The right reference point

AI can help determine what to prioritize. But for merchandising to truly change in stores, teams also need to know how to produce, adapt, and broadcast the right materials at the right time.

AI merchandising in 2026: more organizational than spectacular

The most important change is not necessarily the one shown in the most impressive demos. It lies in more discreet gains: spotting gaps more effectively, preparing more targeted actions, reducing back-and-forth, adapting materials more cleanly, and helping stores execute with less ambiguity.

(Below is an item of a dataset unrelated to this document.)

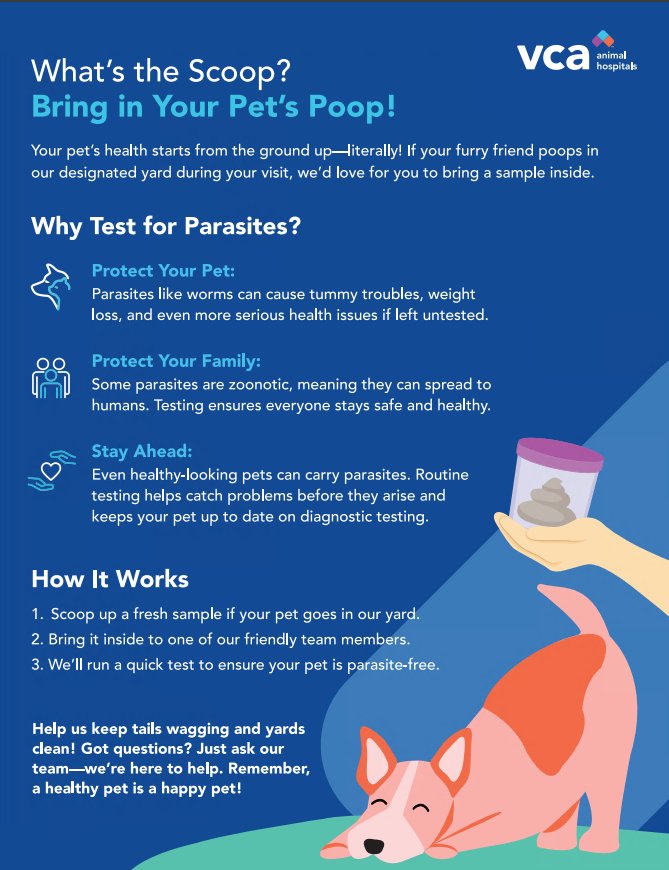 Madera Pet Hospital: Kallet A J DVM Corte Madera
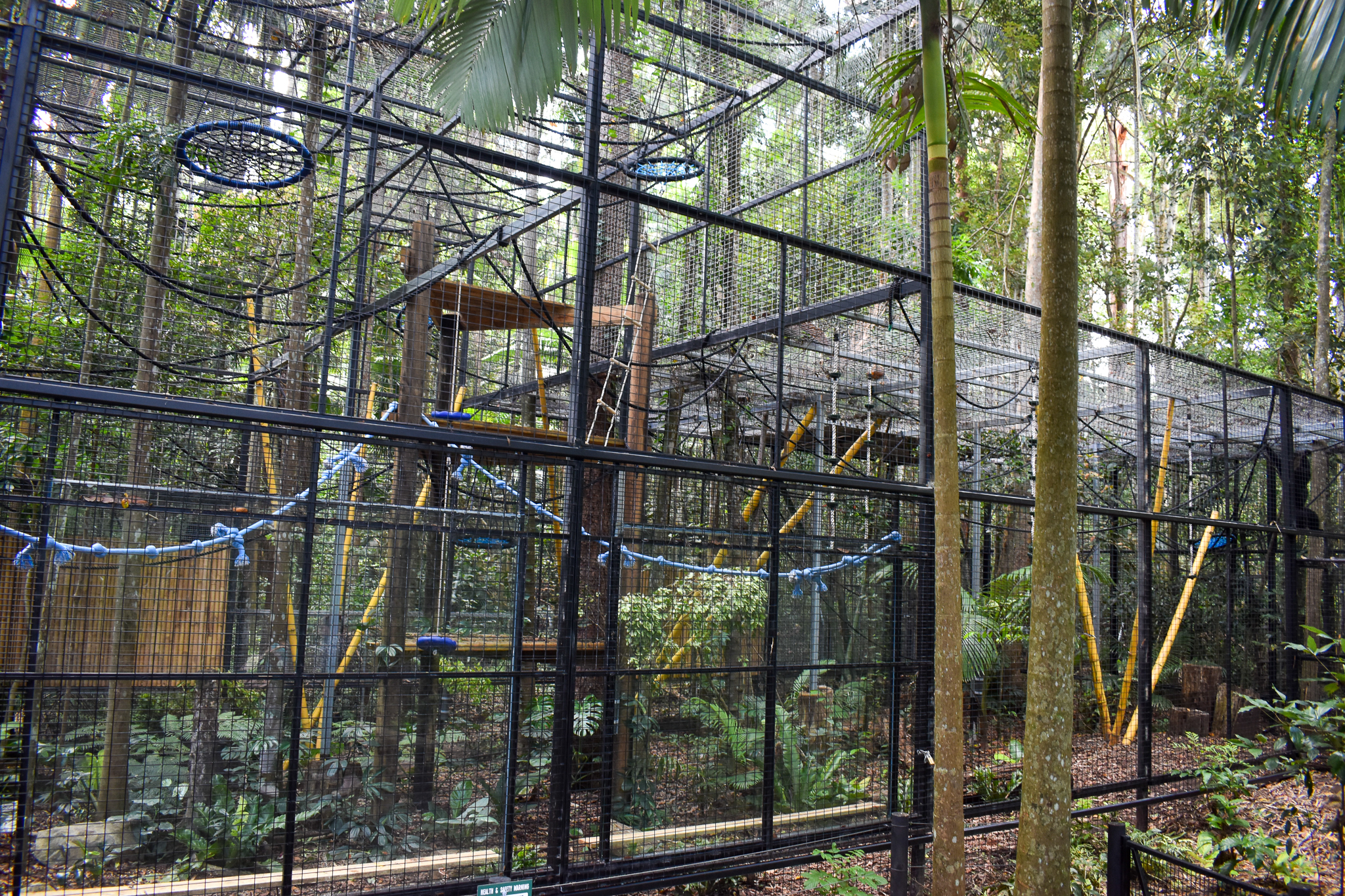New Siamang Enclosure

In 2026, the retail brands that get the most value from AI merchandising will not only be those with the best analysis tools. They will be the ones able to connect analysis, decision-making, material creation, and store execution within the same management logic.

Connect merchandising decisions to in-store materials

With Toucan®, retail brands can structure poster creation, content adaptation, and in-store screen broadcasting. A practical way to turn merchandising decisions into consistent, usable materials adapted to store reality.

Explore Toucan®

FAQ: AI merchandising and retail brands

What is AI merchandising?

AI merchandising refers to the use of artificial intelligence to analyze retail data, help prioritize actions, adapt assortments, or improve product visibility in stores.

Can AI replace merchandising teams?

No. AI can speed up analysis and produce recommendations, but teams remain essential to interpret results, account for store realities, and make final decisions.

What are the concrete uses of AI merchandising in stores?

Concrete uses include assortment adaptation, prioritizing store-level actions, analyzing local performance, preparing commercial campaigns, and improving the consistency of in-store materials.

What risks should be avoided with AI merchandising?

The main risks are following recommendations without business validation, using unreliable data, or proposing actions that stores cannot apply properly.

How can AI merchandising be connected to in-store communication?

Recommendations need to be translated into concrete materials: posters, screen visuals, POS materials, aisle instructions, or promotional messages. Without this step, the analysis remains difficult to apply in the field.